_PROBLEM DESCRIPTION:_ Apart from the pictures, every entry below should be repeated exactly.

_AVAILABLE DATA:_
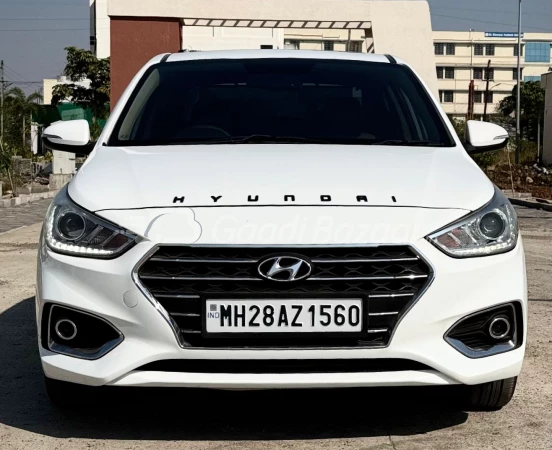 HYUNDAI VERNA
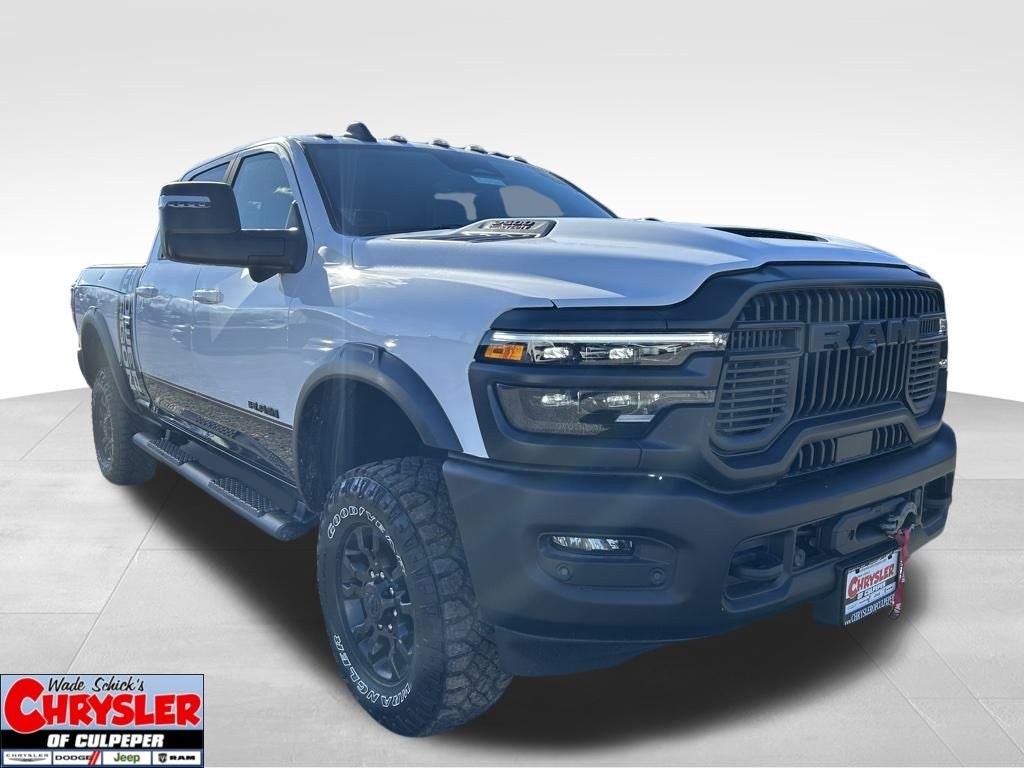 2026 RAM 2500 Power Wagon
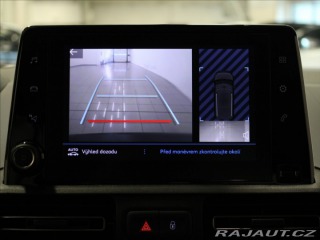 Peugeot Rifter 1,2 96kW AT Allure KAM.Zá 2021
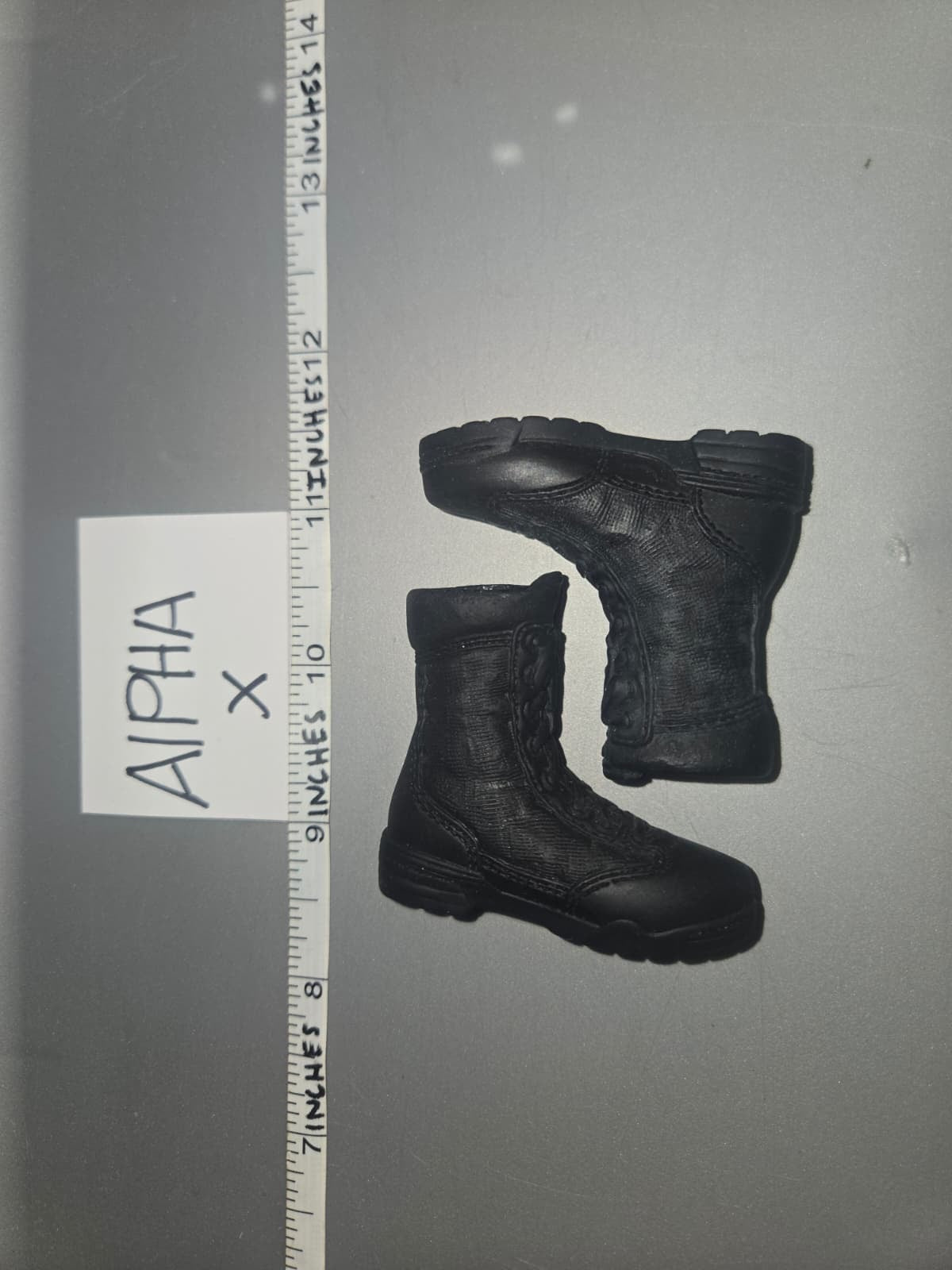 1/6 Scale Modern Era Boots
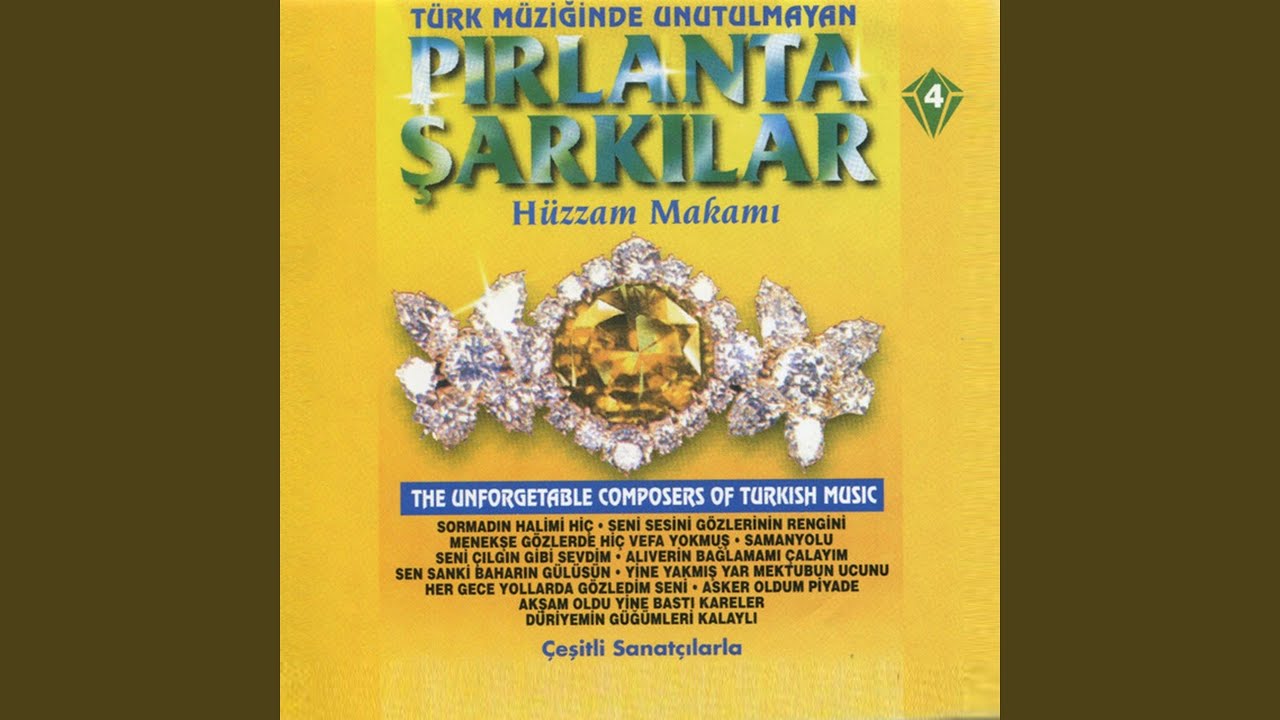 Alıverin Bağlamamı Çalayım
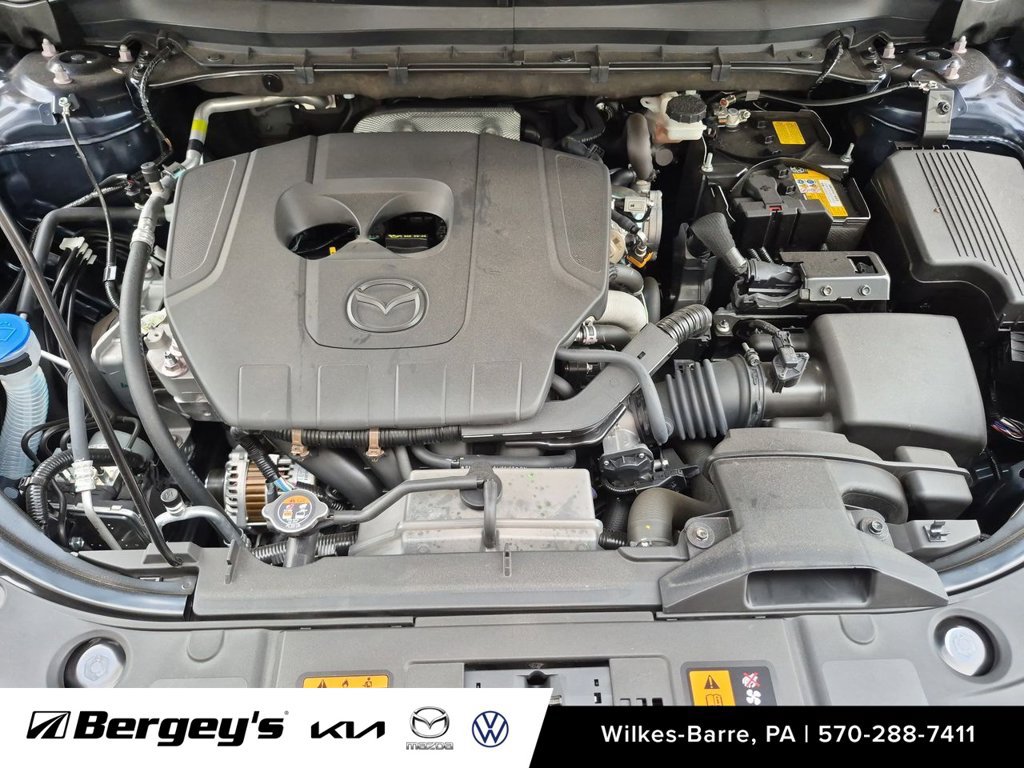 Used 2025 MAZDA CX-5 AWD 2.5 S w/ Preferred Package image 36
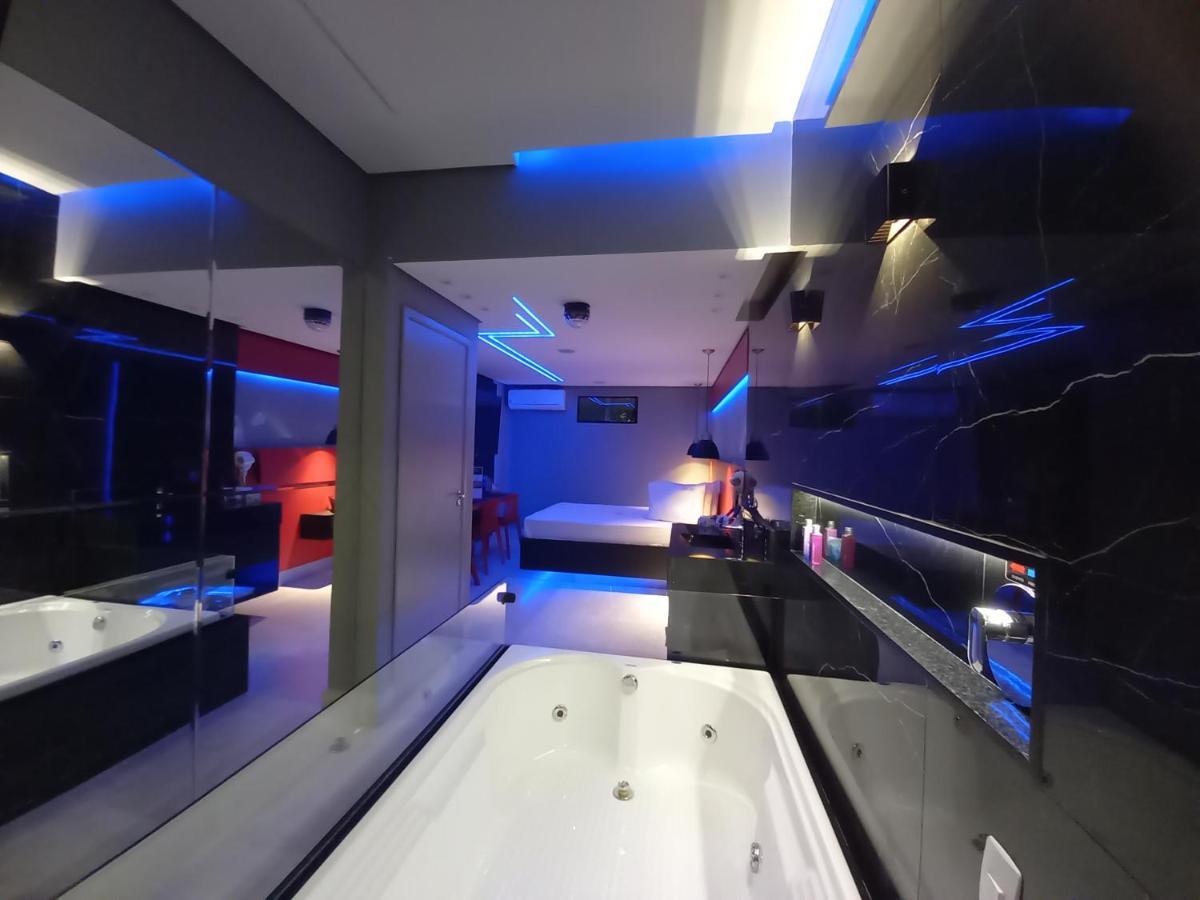 Crush Motel São Paulo Zewnętrze zdjęcie
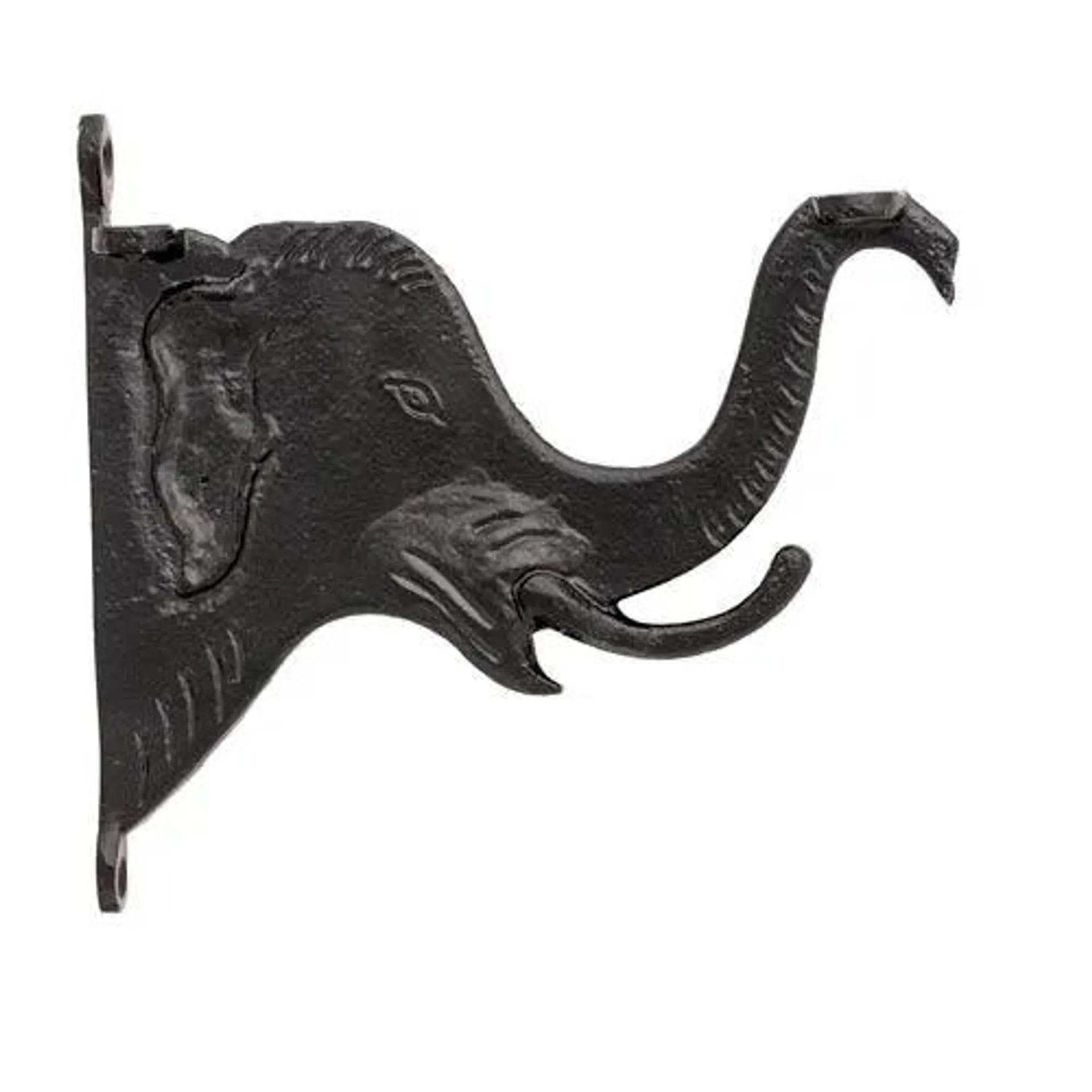 Restorers Elephant Shelf Bracket - Pair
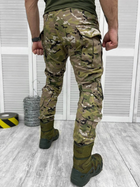 Тактические штаны с наколенниками G3 Мультикам L - изображение 6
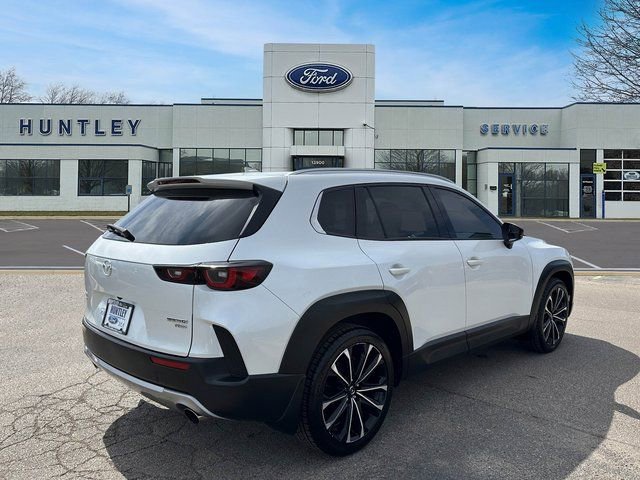 Used 2023 MAZDA CX-50 AWD 2.5 Turbo w/ Cargo Package image 5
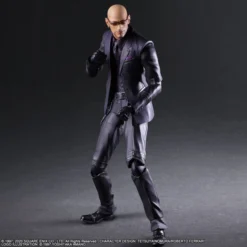 SQUARE ENIX Rude Play Arts -Kai- Final Fantasy VII Remake Action Figure -Anime peripheral Sales 4988601348676 figure rude play arts kai final fantasy vii remake action altE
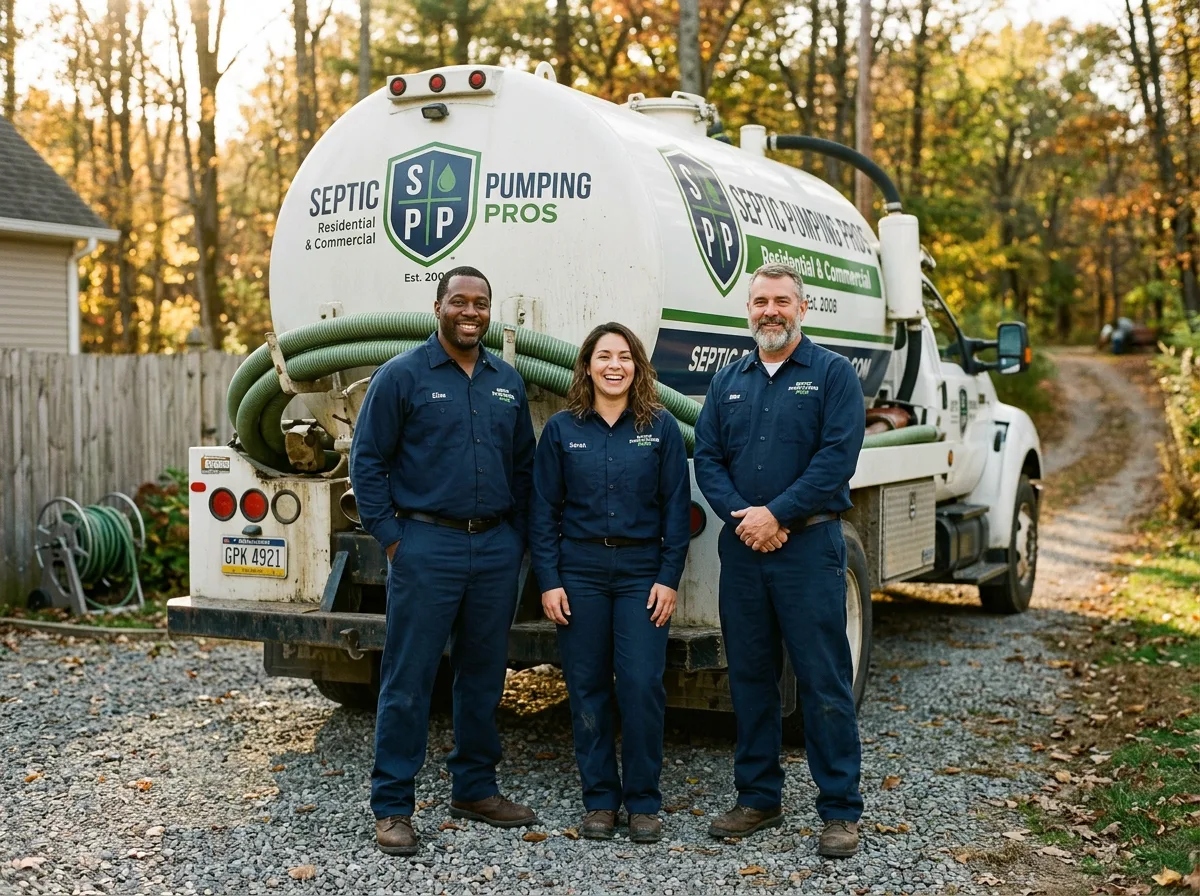 Septic Tank Pumping company in Ranchita, CA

_EXERCISE RESPONSE:_
 HYUNDAI VERNA
 2026 RAM 2500 Power Wagon
 Peugeot Rifter 1,2 96kW AT Allure KAM.Zá 2021
 1/6 Scale Modern Era Boots
 Alıverin Bağlamamı Çalayım
 Used 2025 MAZDA CX-5 AWD 2.5 S w/ Preferred Package image 36
 Crush Motel São Paulo Zewnętrze zdjęcie
 Restorers Elephant Shelf Bracket - Pair
 Тактические штаны с наколенниками G3 Мультикам L - изображение 6
 Used 2023 MAZDA CX-50 AWD 2.5 Turbo w/ Cargo Package image 5
 SQUARE ENIX Rude Play Arts -Kai- Final Fantasy VII Remake Action Figure -Anime peripheral Sales 4988601348676 figure rude play arts kai final fantasy vii remake action altE
 Septic Tank Pumping company in Ranchita, CA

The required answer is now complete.